Por Marlon Zambrano
No había caído en cuenta de que algo estaba pasando, hasta que se acumularon las evidencias. En una tarde recibí por lo menos 70 solicitudes de amistad a través de Facebook, sin distinguir entre hombres y mujeres.
Nunca acepto ninguna, axiomáticamente, por la misma razón que cambio frecuentemente de nombre y dirección en mi descripción de perfil: para estar a salvo de los acreedores.
Sin embargo, al día siguiente, distendido y aletargado, me dio por aceptarlas todas pensando que era gente como uno, ladillada del encierro y lanzada a la inercia, buscando aforo para sus memes ridículos y sus comentarios expertos en cualquier materia, a lo que somos muy aficionados los venezolanos en persona o vía online.
Cuando vine a ver, atesoraba la bicoca de 1.178 amigos y amigas entrañables. Perfectos desconocidos o estrellas de la ciberfarándula criolla, que de pronto aplaudían mis estupideces, con el infaltable like de aprobación que, a fin de cuentas, es lo que uno busca en la vida cuando escribe.
Para decirlo en palabras de García Márquez: uno escribe pa’ que lo quieran.
Bueno, el otro detalle -inconfesable- es que yo también disparé solicitudes de amistad a mansalva, y huelga decir, aunque me avergüence, la mayoría iba cazando a las cibernautas que se veían más buenas en las fotos.
No era el único, aunque la virtualidad nos vende la ilusión de la exclusividad individualista, y como yo, miles de víctimas de la cuarentena, a escala planetaria, andaban buscando peo digital, exponiendo deseos, ventilando ganas, correteando carajitas o carajitos (o ambos) en medio de una especie de orgía virtual sin precedentes en la Historia de la humanidad, amparada por el anonimato y la seguridad del distanciamiento.

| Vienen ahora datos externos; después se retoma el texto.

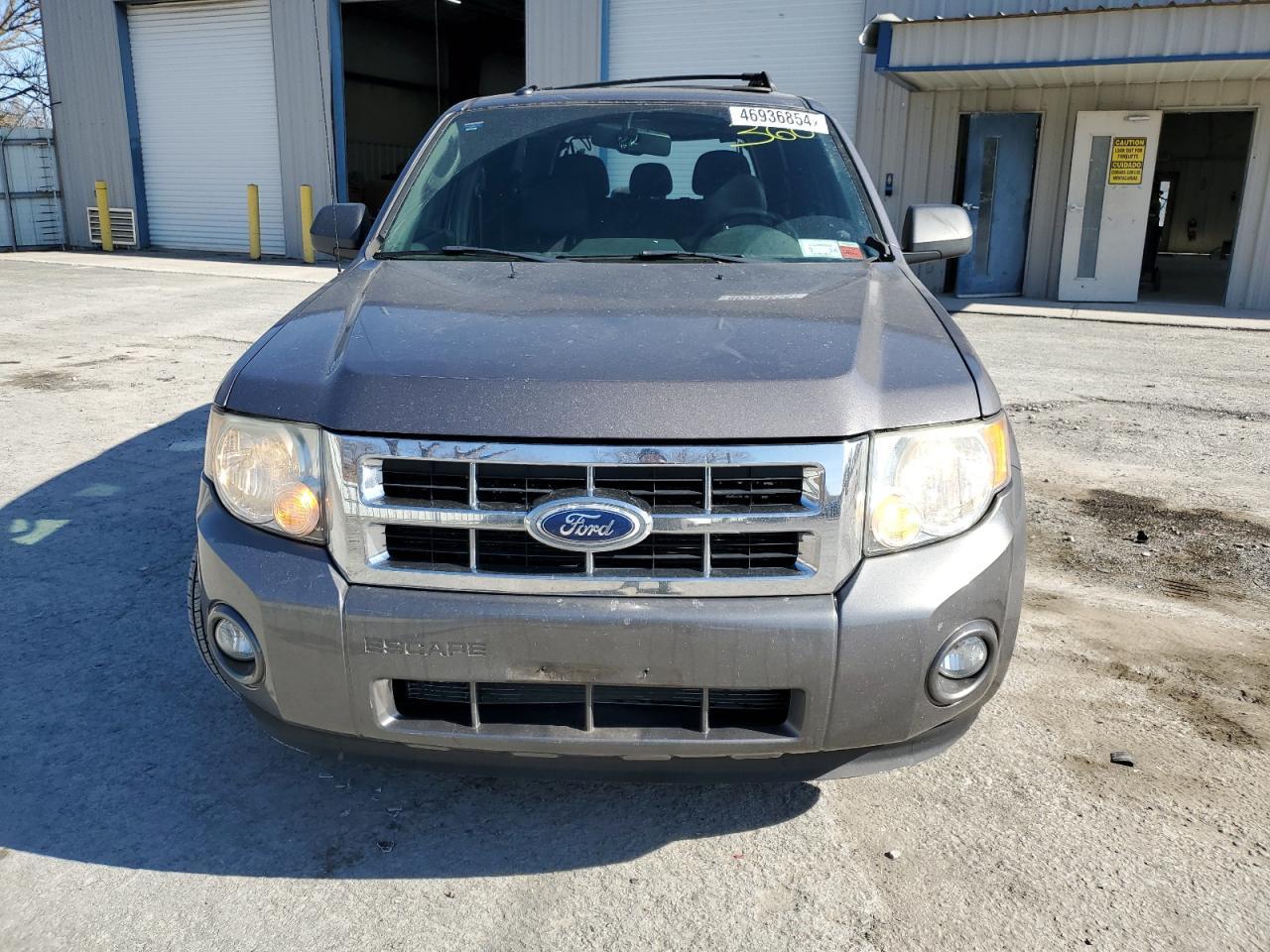 2010 FORD ESCAPE XLT - Image 5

De pronto, como en una película de Pier Paolo Pasolini, leí a un señor mayor pidiéndole, textualmente, la totona a una muchacha bien bonita, y a ella bloquearlo de inmediato. A otra la vi exponer públicamente a su acosador, un maracucho virolo que le preguntaba directamente “¿qué te parece si te muerdo entre las piernas?” durante una ingenua conversación de gente que apenas se está conociendo.
Yo, que soy gente seria que huye de los problemas, recibí la atrevida invitación a hacer cosas indecorosas por parte de un tipo que, supongo, confundió mi orientación sexual.

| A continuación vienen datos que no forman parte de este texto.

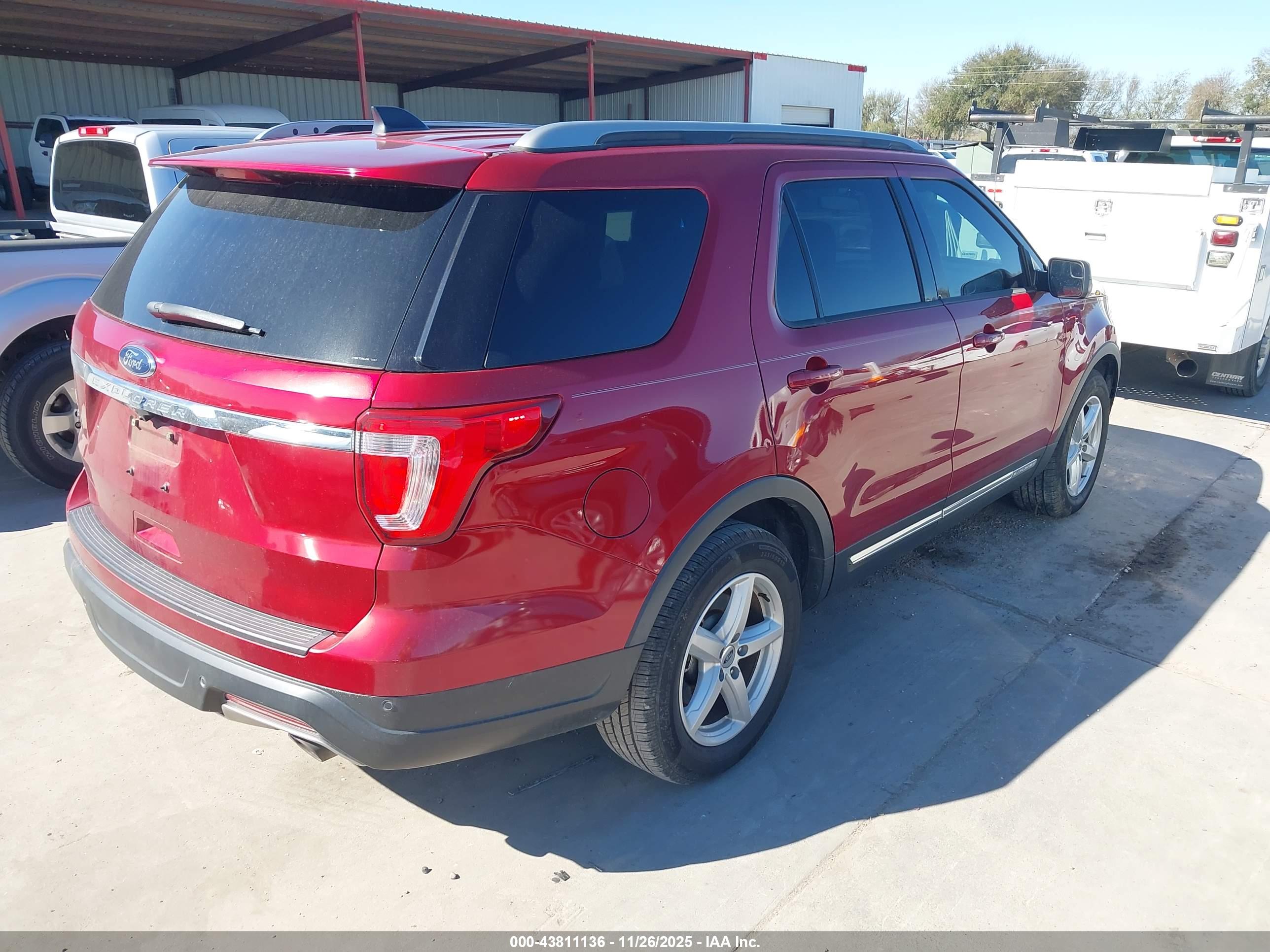 FORD EXPLORER image 4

Indagando un poco más para desarrollar mi hipótesis, encontré de todo en esta cáustica viña del Señor, pero de todos, la que más me gustó fue la historia de un amigo mío que finalmente coronó.
Antropólogo él, bailarina ella, lograron sortear la infranqueable barrera de la curva de contagio, que se había incrementado peligrosamente luego de varios meses de cuarentena, y decidieron dar el definitivo salto al vacío, como los románticos antiguos que saldaban la eternidad de su amor con un pacto de muerte.
Se citaron en la plaza La Candelaria un martes a mediodía. “Yo voy de blanco”, dijo ella; “yo de negro”, prometió él.
Dicen los testigos casuales del encuentro que más o menos fue una escena peliculera: se vieron desde lejos, aceleraron el paso y, con los tropiezos típicos de la primera vez, se lanzaron directamente a meterse un latazo caraqueño.
Lo triste de todo, me cuentan, fue que, bajo la mirada torva de tres policías nacionales de guardia, apenas les dio chance de besarse en los tapabocas.